**WORK ORDER:** Please print all of the entries, matching them exactly.

-.-.-

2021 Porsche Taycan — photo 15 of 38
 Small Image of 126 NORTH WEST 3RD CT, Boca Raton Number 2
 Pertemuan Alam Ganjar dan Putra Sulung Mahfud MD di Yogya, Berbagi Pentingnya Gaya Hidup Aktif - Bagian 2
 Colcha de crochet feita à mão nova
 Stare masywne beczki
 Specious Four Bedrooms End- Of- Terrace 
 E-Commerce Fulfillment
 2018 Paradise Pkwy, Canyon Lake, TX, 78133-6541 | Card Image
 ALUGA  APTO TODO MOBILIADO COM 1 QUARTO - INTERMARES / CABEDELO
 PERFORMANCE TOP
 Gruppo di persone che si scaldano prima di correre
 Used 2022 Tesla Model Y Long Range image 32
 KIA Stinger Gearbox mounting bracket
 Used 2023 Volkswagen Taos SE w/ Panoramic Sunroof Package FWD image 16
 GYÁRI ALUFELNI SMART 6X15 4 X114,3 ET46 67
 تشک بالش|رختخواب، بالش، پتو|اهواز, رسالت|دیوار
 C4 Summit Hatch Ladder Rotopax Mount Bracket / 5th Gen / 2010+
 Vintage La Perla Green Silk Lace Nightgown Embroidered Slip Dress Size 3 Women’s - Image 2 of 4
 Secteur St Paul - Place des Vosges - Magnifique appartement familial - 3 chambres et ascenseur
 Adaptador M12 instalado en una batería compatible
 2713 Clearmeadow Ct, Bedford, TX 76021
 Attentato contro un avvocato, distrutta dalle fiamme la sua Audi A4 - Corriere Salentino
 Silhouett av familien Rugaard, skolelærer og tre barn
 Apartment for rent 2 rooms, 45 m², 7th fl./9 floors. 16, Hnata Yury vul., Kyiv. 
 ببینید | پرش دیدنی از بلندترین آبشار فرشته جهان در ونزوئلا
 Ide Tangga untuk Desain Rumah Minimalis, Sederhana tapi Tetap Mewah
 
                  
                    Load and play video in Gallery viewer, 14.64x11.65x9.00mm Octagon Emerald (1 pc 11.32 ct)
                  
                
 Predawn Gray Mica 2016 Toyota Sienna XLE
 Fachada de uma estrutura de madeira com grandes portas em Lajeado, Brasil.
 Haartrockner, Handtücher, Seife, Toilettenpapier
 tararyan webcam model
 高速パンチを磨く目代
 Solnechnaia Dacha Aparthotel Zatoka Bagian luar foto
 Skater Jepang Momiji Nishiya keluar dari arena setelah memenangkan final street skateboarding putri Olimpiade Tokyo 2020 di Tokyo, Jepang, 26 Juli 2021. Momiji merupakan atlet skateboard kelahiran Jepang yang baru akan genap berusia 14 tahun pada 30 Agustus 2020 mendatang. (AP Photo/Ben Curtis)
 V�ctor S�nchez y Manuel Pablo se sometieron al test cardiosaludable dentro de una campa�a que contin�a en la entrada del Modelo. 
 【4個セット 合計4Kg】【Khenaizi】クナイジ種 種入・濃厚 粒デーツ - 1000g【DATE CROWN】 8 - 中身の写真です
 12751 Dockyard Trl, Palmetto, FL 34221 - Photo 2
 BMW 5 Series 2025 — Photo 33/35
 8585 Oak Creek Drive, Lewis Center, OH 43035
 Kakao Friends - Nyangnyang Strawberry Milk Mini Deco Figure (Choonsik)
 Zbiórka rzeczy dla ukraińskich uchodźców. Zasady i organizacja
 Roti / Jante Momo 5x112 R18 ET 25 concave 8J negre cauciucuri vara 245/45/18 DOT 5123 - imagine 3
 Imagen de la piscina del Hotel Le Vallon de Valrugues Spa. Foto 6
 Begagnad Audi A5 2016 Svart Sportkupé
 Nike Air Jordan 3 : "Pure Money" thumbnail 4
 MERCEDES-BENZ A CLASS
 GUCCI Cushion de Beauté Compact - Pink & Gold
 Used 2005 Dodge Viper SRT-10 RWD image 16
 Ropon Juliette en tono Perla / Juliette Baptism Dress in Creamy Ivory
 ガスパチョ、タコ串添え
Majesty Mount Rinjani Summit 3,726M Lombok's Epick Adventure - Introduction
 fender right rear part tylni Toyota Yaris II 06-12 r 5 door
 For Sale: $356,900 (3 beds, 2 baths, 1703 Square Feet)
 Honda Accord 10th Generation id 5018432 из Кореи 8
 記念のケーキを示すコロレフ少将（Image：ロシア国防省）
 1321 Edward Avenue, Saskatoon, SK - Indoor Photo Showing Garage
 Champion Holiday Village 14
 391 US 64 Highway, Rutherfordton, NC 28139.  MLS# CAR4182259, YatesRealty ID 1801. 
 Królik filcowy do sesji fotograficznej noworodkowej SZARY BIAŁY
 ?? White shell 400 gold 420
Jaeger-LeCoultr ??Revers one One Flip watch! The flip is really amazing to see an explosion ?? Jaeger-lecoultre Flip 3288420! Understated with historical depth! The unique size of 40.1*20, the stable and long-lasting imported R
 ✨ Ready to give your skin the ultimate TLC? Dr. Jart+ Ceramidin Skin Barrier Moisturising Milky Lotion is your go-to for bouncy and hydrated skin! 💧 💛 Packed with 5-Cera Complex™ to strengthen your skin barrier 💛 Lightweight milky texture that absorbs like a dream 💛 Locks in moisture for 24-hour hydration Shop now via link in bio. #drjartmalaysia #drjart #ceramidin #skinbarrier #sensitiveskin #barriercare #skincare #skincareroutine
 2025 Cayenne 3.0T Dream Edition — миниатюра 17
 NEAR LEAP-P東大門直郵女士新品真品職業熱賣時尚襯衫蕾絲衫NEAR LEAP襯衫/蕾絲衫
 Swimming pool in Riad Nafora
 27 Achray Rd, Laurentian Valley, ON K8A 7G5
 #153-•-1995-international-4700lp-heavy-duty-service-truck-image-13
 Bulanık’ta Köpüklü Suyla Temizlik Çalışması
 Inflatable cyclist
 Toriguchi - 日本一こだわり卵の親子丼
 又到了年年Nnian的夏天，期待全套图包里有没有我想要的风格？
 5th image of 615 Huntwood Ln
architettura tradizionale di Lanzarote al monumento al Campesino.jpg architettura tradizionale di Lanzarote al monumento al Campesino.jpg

-.-.-

**WRITTEN SOLUTION:**
2021 Porsche Taycan — photo 15 of 38
 Small Image of 126 NORTH WEST 3RD CT, Boca Raton Number 2
 Pertemuan Alam Ganjar dan Putra Sulung Mahfud MD di Yogya, Berbagi Pentingnya Gaya Hidup Aktif - Bagian 2
 Colcha de crochet feita à mão nova
 Stare masywne beczki
 Specious Four Bedrooms End- Of- Terrace 
 E-Commerce Fulfillment
 2018 Paradise Pkwy, Canyon Lake, TX, 78133-6541 | Card Image
 ALUGA  APTO TODO MOBILIADO COM 1 QUARTO - INTERMARES / CABEDELO
 PERFORMANCE TOP
 Gruppo di persone che si scaldano prima di correre
 Used 2022 Tesla Model Y Long Range image 32
 KIA Stinger Gearbox mounting bracket
 Used 2023 Volkswagen Taos SE w/ Panoramic Sunroof Package FWD image 16
 GYÁRI ALUFELNI SMART 6X15 4 X114,3 ET46 67
 تشک بالش|رختخواب، بالش، پتو|اهواز, رسالت|دیوار
 C4 Summit Hatch Ladder Rotopax Mount Bracket / 5th Gen / 2010+
 Vintage La Perla Green Silk Lace Nightgown Embroidered Slip Dress Size 3 Women’s - Image 2 of 4
 Secteur St Paul - Place des Vosges - Magnifique appartement familial - 3 chambres et ascenseur
 Adaptador M12 instalado en una batería compatible
 2713 Clearmeadow Ct, Bedford, TX 76021
 Attentato contro un avvocato, distrutta dalle fiamme la sua Audi A4 - Corriere Salentino
 Silhouett av familien Rugaard, skolelærer og tre barn
 Apartment for rent 2 rooms, 45 m², 7th fl./9 floors. 16, Hnata Yury vul., Kyiv. 
 ببینید | پرش دیدنی از بلندترین آبشار فرشته جهان در ونزوئلا
 Ide Tangga untuk Desain Rumah Minimalis, Sederhana tapi Tetap Mewah
 
                  
                    Load and play video in Gallery viewer, 14.64x11.65x9.00mm Octagon Emerald (1 pc 11.32 ct)
                  
                
 Predawn Gray Mica 2016 Toyota Sienna XLE
 Fachada de uma estrutura de madeira com grandes portas em Lajeado, Brasil.
 Haartrockner, Handtücher, Seife, Toilettenpapier
 tararyan webcam model
 高速パンチを磨く目代
 Solnechnaia Dacha Aparthotel Zatoka Bagian luar foto
 Skater Jepang Momiji Nishiya keluar dari arena setelah memenangkan final street skateboarding putri Olimpiade Tokyo 2020 di Tokyo, Jepang, 26 Juli 2021. Momiji merupakan atlet skateboard kelahiran Jepang yang baru akan genap berusia 14 tahun pada 30 Agustus 2020 mendatang. (AP Photo/Ben Curtis)
 V�ctor S�nchez y Manuel Pablo se sometieron al test cardiosaludable dentro de una campa�a que contin�a en la entrada del Modelo. 
 【4個セット 合計4Kg】【Khenaizi】クナイジ種 種入・濃厚 粒デーツ - 1000g【DATE CROWN】 8 - 中身の写真です
 12751 Dockyard Trl, Palmetto, FL 34221 - Photo 2
 BMW 5 Series 2025 — Photo 33/35
 8585 Oak Creek Drive, Lewis Center, OH 43035
 Kakao Friends - Nyangnyang Strawberry Milk Mini Deco Figure (Choonsik)
 Zbiórka rzeczy dla ukraińskich uchodźców. Zasady i organizacja
 Roti / Jante Momo 5x112 R18 ET 25 concave 8J negre cauciucuri vara 245/45/18 DOT 5123 - imagine 3
 Imagen de la piscina del Hotel Le Vallon de Valrugues Spa. Foto 6
 Begagnad Audi A5 2016 Svart Sportkupé
 Nike Air Jordan 3 : "Pure Money" thumbnail 4
 MERCEDES-BENZ A CLASS
 GUCCI Cushion de Beauté Compact - Pink & Gold
 Used 2005 Dodge Viper SRT-10 RWD image 16
 Ropon Juliette en tono Perla / Juliette Baptism Dress in Creamy Ivory
 ガスパチョ、タコ串添え
Majesty Mount Rinjani Summit 3,726M Lombok's Epick Adventure - Introduction
 fender right rear part tylni Toyota Yaris II 06-12 r 5 door
 For Sale: $356,900 (3 beds, 2 baths, 1703 Square Feet)
 Honda Accord 10th Generation id 5018432 из Кореи 8
 記念のケーキを示すコロレフ少将（Image：ロシア国防省）
 1321 Edward Avenue, Saskatoon, SK - Indoor Photo Showing Garage
 Champion Holiday Village 14
 391 US 64 Highway, Rutherfordton, NC 28139.  MLS# CAR4182259, YatesRealty ID 1801. 
 Królik filcowy do sesji fotograficznej noworodkowej SZARY BIAŁY
 ?? White shell 400 gold 420
Jaeger-LeCoultr ??Revers one One Flip watch! The flip is really amazing to see an explosion ?? Jaeger-lecoultre Flip 3288420! Understated with historical depth! The unique size of 40.1*20, the stable and long-lasting imported R
 ✨ Ready to give your skin the ultimate TLC? Dr. Jart+ Ceramidin Skin Barrier Moisturising Milky Lotion is your go-to for bouncy and hydrated skin! 💧 💛 Packed with 5-Cera Complex™ to strengthen your skin barrier 💛 Lightweight milky texture that absorbs like a dream 💛 Locks in moisture for 24-hour hydration Shop now via link in bio. #drjartmalaysia #drjart #ceramidin #skinbarrier #sensitiveskin #barriercare #skincare #skincareroutine
 2025 Cayenne 3.0T Dream Edition — миниатюра 17
 NEAR LEAP-P東大門直郵女士新品真品職業熱賣時尚襯衫蕾絲衫NEAR LEAP襯衫/蕾絲衫
 Swimming pool in Riad Nafora
 27 Achray Rd, Laurentian Valley, ON K8A 7G5
 #153-•-1995-international-4700lp-heavy-duty-service-truck-image-13
 Bulanık’ta Köpüklü Suyla Temizlik Çalışması
 Inflatable cyclist
 Toriguchi - 日本一こだわり卵の親子丼
 又到了年年Nnian的夏天，期待全套图包里有没有我想要的风格？
 5th image of 615 Huntwood Ln
architettura tradizionale di Lanzarote al monumento al Campesino.jpg architettura tradizionale di Lanzarote al monumento al Campesino.jpg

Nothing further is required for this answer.